Tim Chen pumped both of his fists in the air and began his remarks.
“When my buddy Jake and I started this company 12 years ago, it was really hard to imagine how far things would have gone. Now we’re helping millions and millions of small businesses and consumers every day; and that reach has been incredible, unexpected, and awesome to be a part of”, he said.
The small personal finance affiliate site that Chen and co-founder Jacob Gibson started in 2009 would go on to close out the year with $379.6 million in revenue.
How exactly did two friends turn an $800 initial investment into a public company worth $1.5 billion?
“I always dreamed of doing something entrepreneurial. I just never felt like I had the permission to”.
Tim Chen created Nerdwallet out of necessity.
He had spent four years in the finance industry, working at hedge funds JAT Capital Management and Perry Capital. His career was on a rocket-ship trajectory and he felt certain that he was going to work in finance for the rest of his life.

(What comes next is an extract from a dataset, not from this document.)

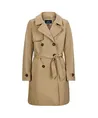Retour Jeans Trenchcoat Lucia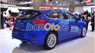 Ford Focus 2016 - Cần bán xe Ford Focus đời 2016, màu xanh lam, nhập khẩu, 899 triệu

…I’d just been very achievement-oriented my whole life and I was very concerned with external status and all that stuff.
- Tim Chen
Chen’s high-flying hedge fund career came to an abrupt halt when the 2008 financial crisis hit. As waves of layoffs reverberated throughout the industry, he dutifully went to work every day, knowing that it was just a matter of time before his number came up. Near the end of the year, “basically on Christmas Day,” he was finally laid off.
The 25-year-old found himself unemployed with no source of income during a time when no one was hiring.
With no job and no hope of getting a new job amidst the carnage of the Great Financial Crisis, Chen found himself “sitting around twiddling my thumbs”.
One day, he was spending yet another day in his apartment trying to find a way to occupy his time when he received an email from his sister. She had been living in Australia and was frustrated with the foreign transaction fees on credit cards. Did he know of any brands that had lower fees than the one she was using?
According to Chen, his first thought was “Let me Google that for you and I’ll get back to you in three minutes”. He quickly realized that Google wouldn’t be much help. All he could find was marketing material from the banks and aggressively promotional affiliate content.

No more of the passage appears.